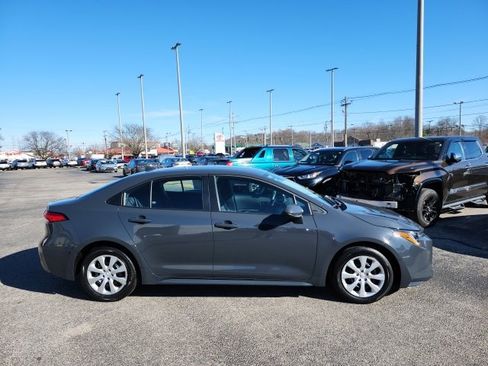 Certified 2024 Toyota Corolla LE image 2
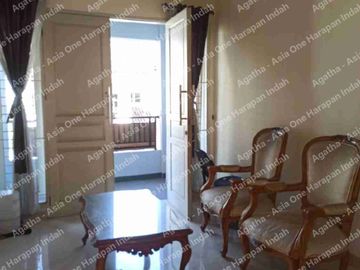 Rumah bagus furnished 2lantai Kayu Putih Jakarta Timur 150juta per tahun minimal 2tahun
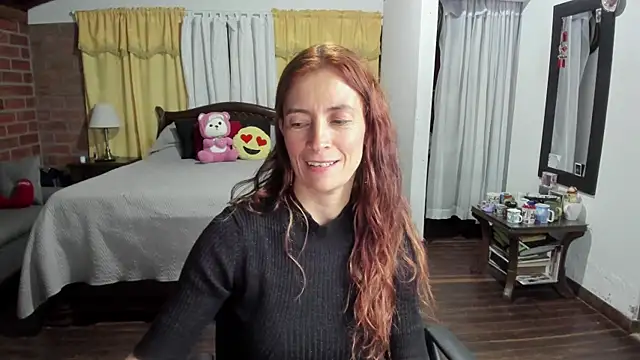 Snapshot of Charlotte-Willson chatting on June 2, 3:28 am Charlotte-Willson online show from June 2, 3:28 am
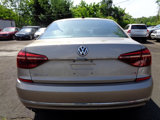 Used 2017 Volkswagen Passat 1.8T SE image 6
********************
* [TASK BRIEF]
Write every line above again exactly, but leave the pictures out.

* [RESPONSE TO THE EXERCISE]
 Certified 2024 Toyota Corolla LE image 2
 Rumah bagus furnished 2lantai Kayu Putih Jakarta Timur 150juta per tahun minimal 2tahun
 Snapshot of Charlotte-Willson chatting on June 2, 3:28 am Charlotte-Willson online show from June 2, 3:28 am
 Used 2017 Volkswagen Passat 1.8T SE image 6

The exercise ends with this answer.